Adesso sono davvero in ginocchio. Ne hanno viste tante di calamità naturali nel corso degli anni ma mai una grandinata della portata di quella che si è abbattuta nelle scorse ore su alcuni fondi agricoli della migliara 41. Una vera e propria bomba caduta dal cielo in forma di chicchi grandi come noci che hanno devastato, nel giro di pochi minuti, oltre 20 ettari di coltivazioni, soprattutto del ricercato ruscus verde ornamentale. Roberta, la proprietaria di tre di questi grandi fondi, ieri mattina osservava la catastrofe con gli occhi lucidi, consapevole di aver perso almeno il 70% dell'introito preventivato dall'azienda di famiglia che gestisce col marito e che dà lavoro a più di ottanta persone. «Ottanta famiglie coinvolte in un disastro senza precedenti - ha spiegato non senza fatica -. Per avere un'idea della violenza della grandinata basta dare un'occhiata ai teli neri di copertura schiacciati a terra perché i pali di ferro e cemento non sono riusciti a reggere l'urto degli enormi chicchi. Una bomba. Un inferno. Uno strato di grandine alto quasi trenta centimetri. Migliaia di euro persi in un attimo».

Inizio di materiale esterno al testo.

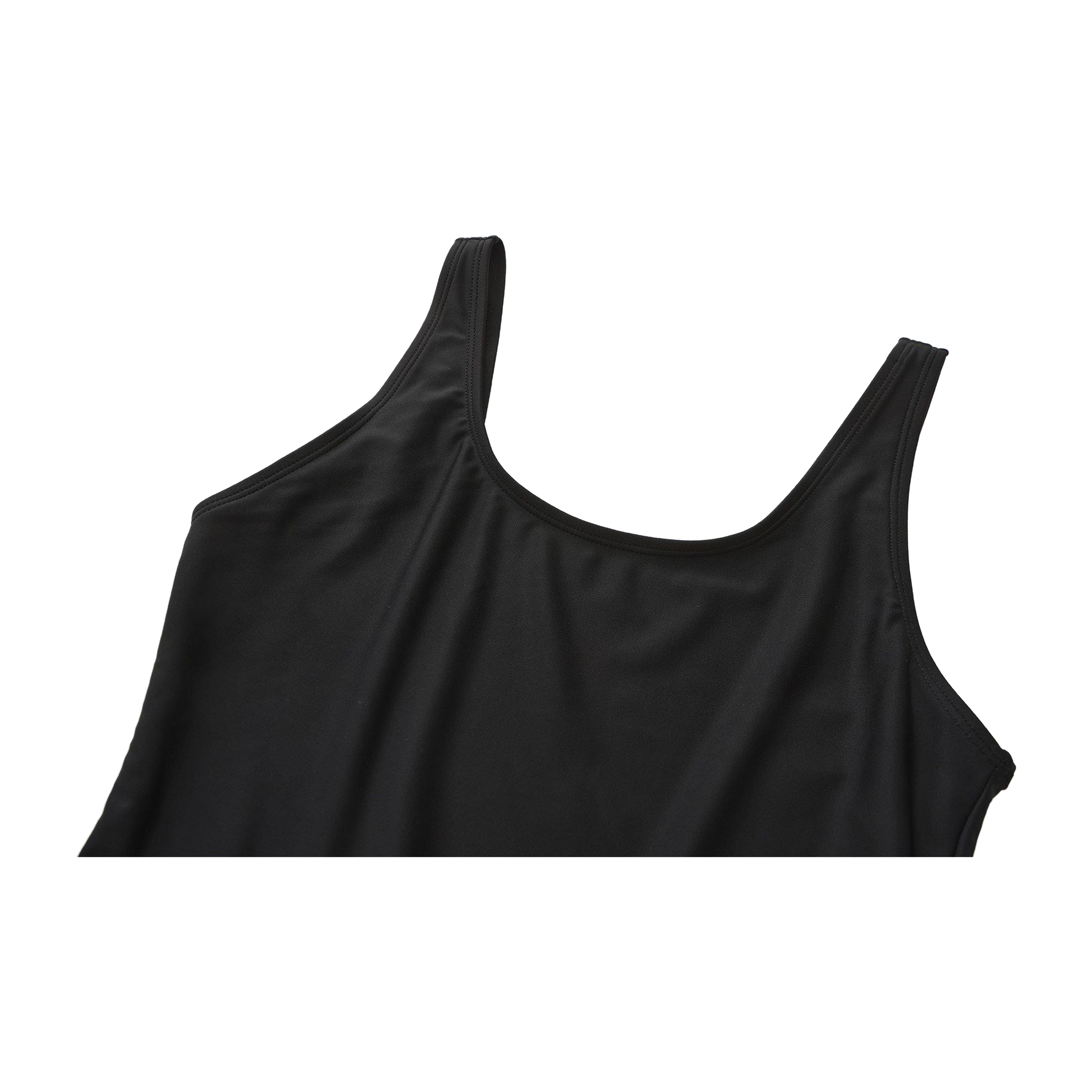 Slazenger LYCRA® XTRA LIFE™ Swimsuit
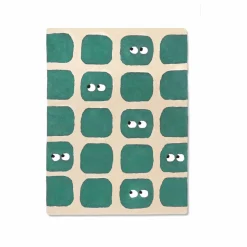 New Tapis Bidules | Enfant Tapis|Tapis Enfant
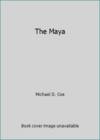 The Maya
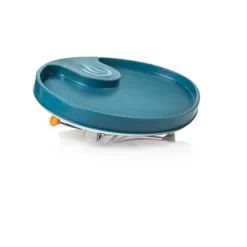 BioLite Campstove Portable Grill 8 BioLite Campstove Portable Grill -Camping Online Store 00910061 03 medium 550x550w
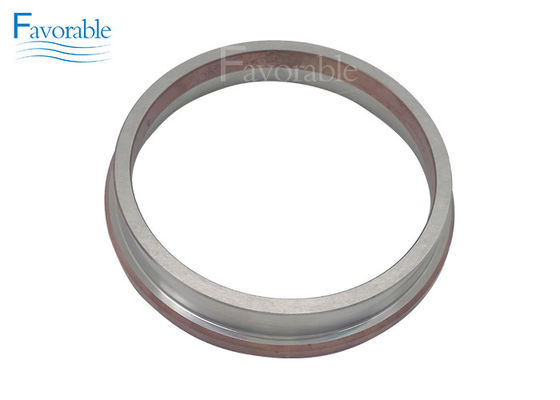 ISO2000 Metal Cutter Ring 67578 For Kuris Auto Cutter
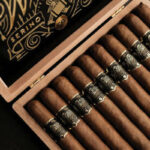 Serino Cigar Co. | Wayfarer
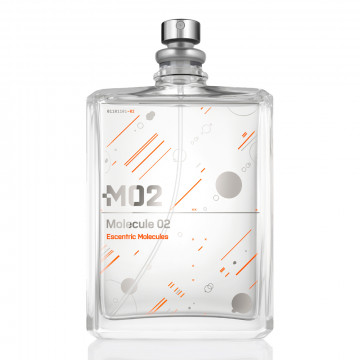 molecule-02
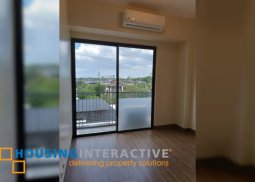 3br unit for sale in moritz bgc
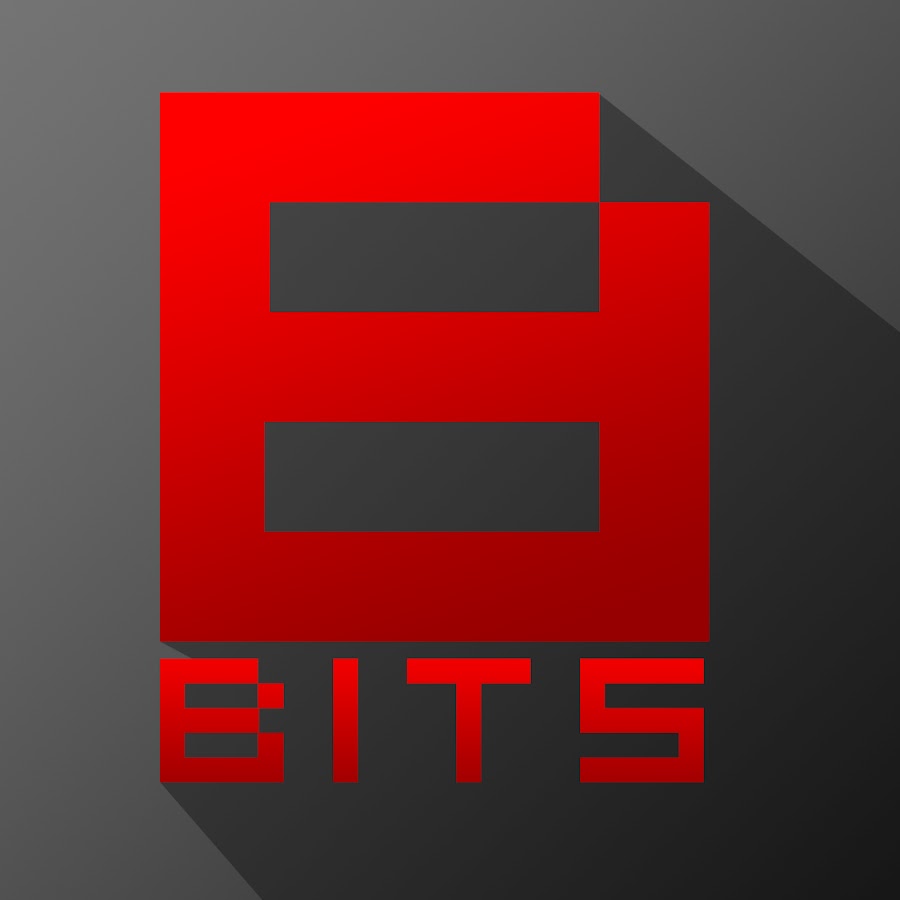 Anime 8-bit - YouTube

Il sole che risplende a ventiquattr'ore di distanza dalla calamità naturale sembra quasi una beffa. Così come lo sembrano i pochi chicchi di grandine rimasti qua e là su queste distese sterminate di pianura pontina. «Sono state rovinate tutte le coltivazioni, ma le piantine di ruscus erano la nostra salvezza - ha sottolineato Roberta -. E purtroppo, adesso, non si può sostituire nulla in poco tempo. Tra il ripristino delle strutture portanti, e le coltivazioni, ci vogliono almeno tre anni per rientrare nel ciclo produttivo e questo significa che noi, per i prossimi tre anni, non potremo contare sugli incassi che avevamo preventivato».

Roberta ha anche allargato il discorso: «Non è la prima calamità che subiamo. Ce ne sono state altre nel corso degli anni, come gli allagamenti, e le abbiamo sempre affrontate da soli, senza l'aiuto di nessuno. Accendendo nuovi mutui, rimboccandoci le maniche. Abbiamo presentato domande, fatto segnalazioni e richieste di risarcimento danni. Risarcimenti che, se arrivano, sono sempre in forma minima rispetto al danno subìto. Un 30% del fatturato mancante. Una cosa è certa: quest'anno, tra il Covid, l'economia che non va, e questa batosta, difficilmente riusciremo a venirne fuori».
Per il momento, con la sua famiglia, ha già provveduto alle dovute comunicazioni agli enti preposti: «Abbiamo allertato il Comune di Latina, la Regione Lazio e la Prefettura - ha aggiunto Roberta - con la speranza che, almeno in questa occasione così eccezionale, si facciano avanti per darci una mano. Ci sono ottanta famiglie che attendono un loro segnale».